_Your task_
After locating the line that holds "<p>Systolic - 120</p>", copy that line and all that follow it word for word through the end of the data, with no pictures.

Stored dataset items
--------------------------------

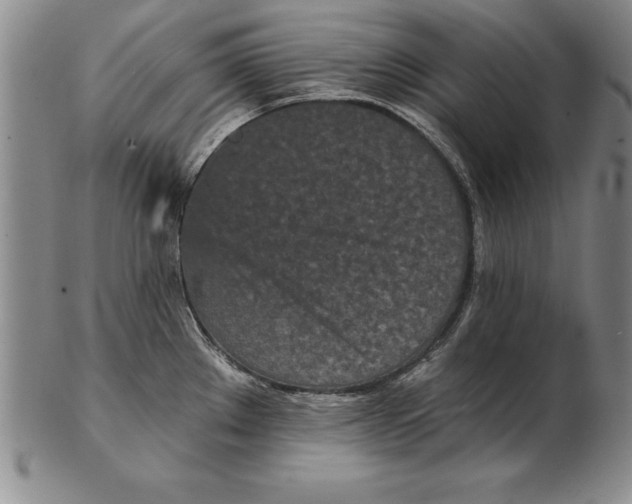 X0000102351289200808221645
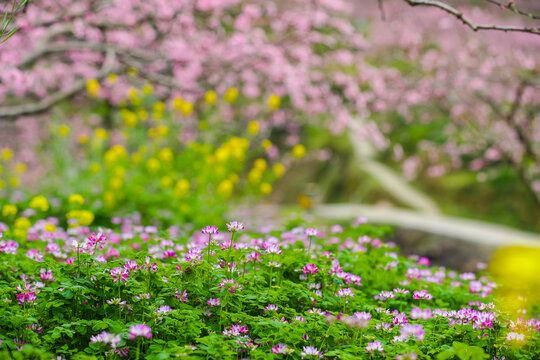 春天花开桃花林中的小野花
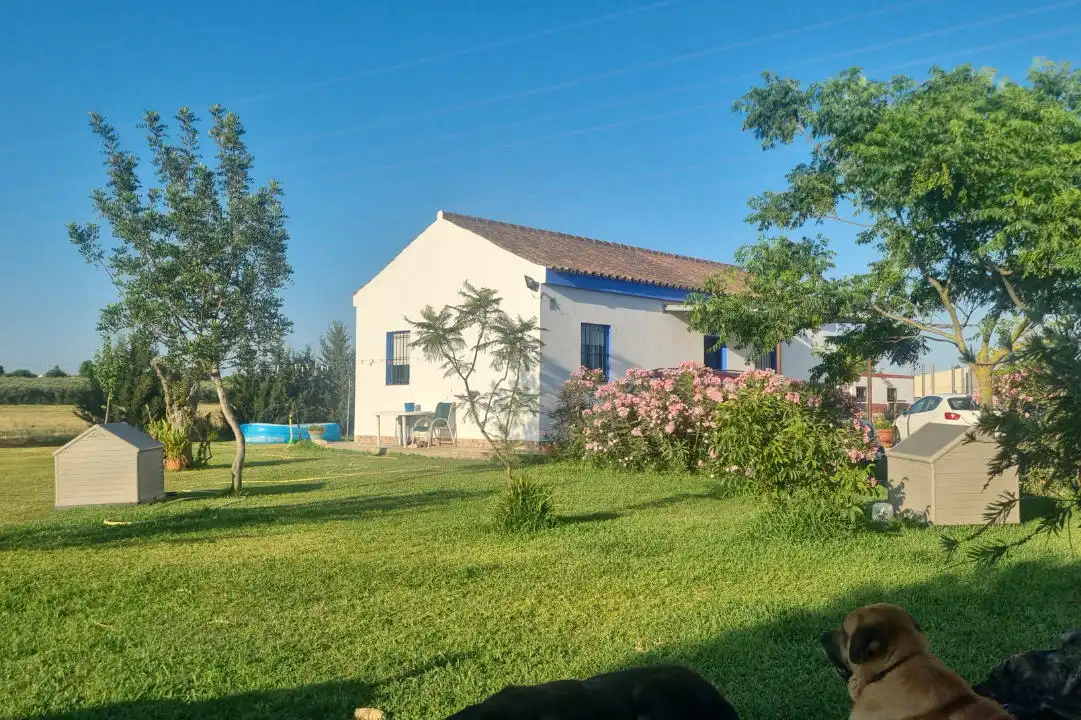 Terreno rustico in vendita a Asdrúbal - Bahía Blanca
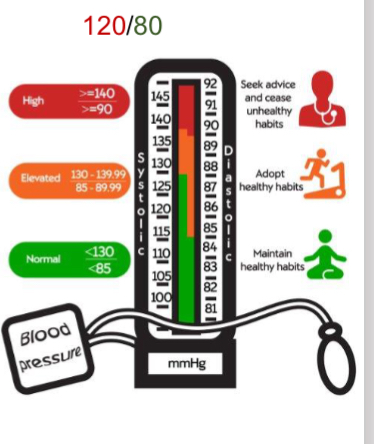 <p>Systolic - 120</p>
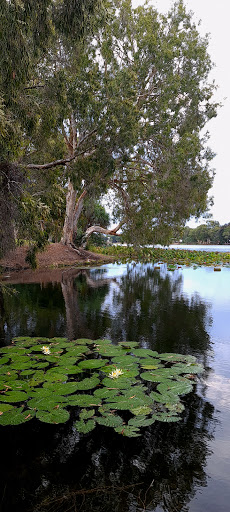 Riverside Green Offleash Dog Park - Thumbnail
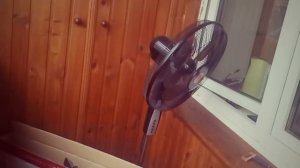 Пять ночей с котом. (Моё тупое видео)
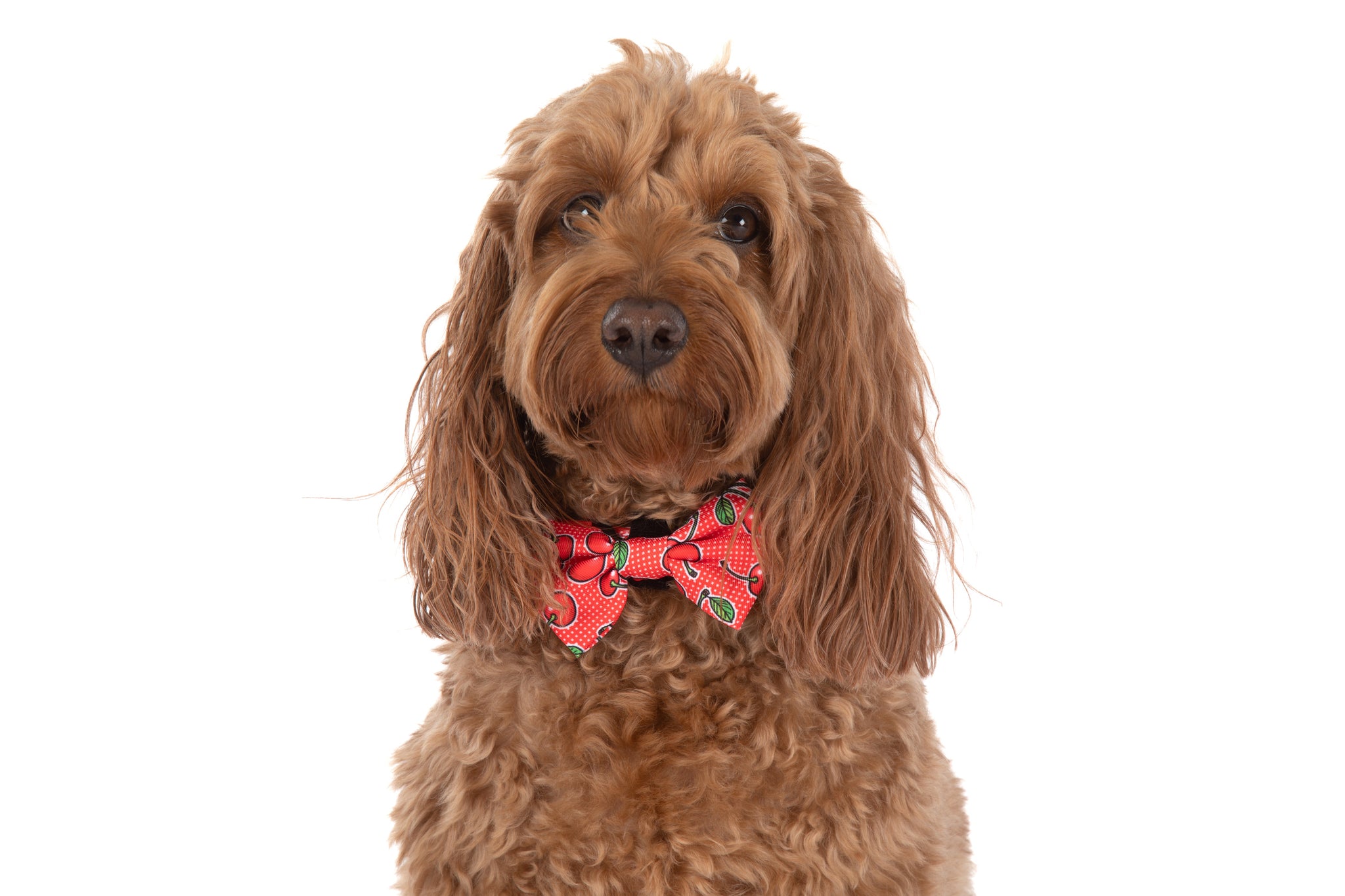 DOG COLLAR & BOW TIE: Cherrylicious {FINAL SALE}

--------------------------------

_Problem solution_
 <p>Systolic - 120</p>
 Riverside Green Offleash Dog Park - Thumbnail
 Пять ночей с котом. (Моё тупое видео)
 DOG COLLAR & BOW TIE: Cherrylicious {FINAL SALE}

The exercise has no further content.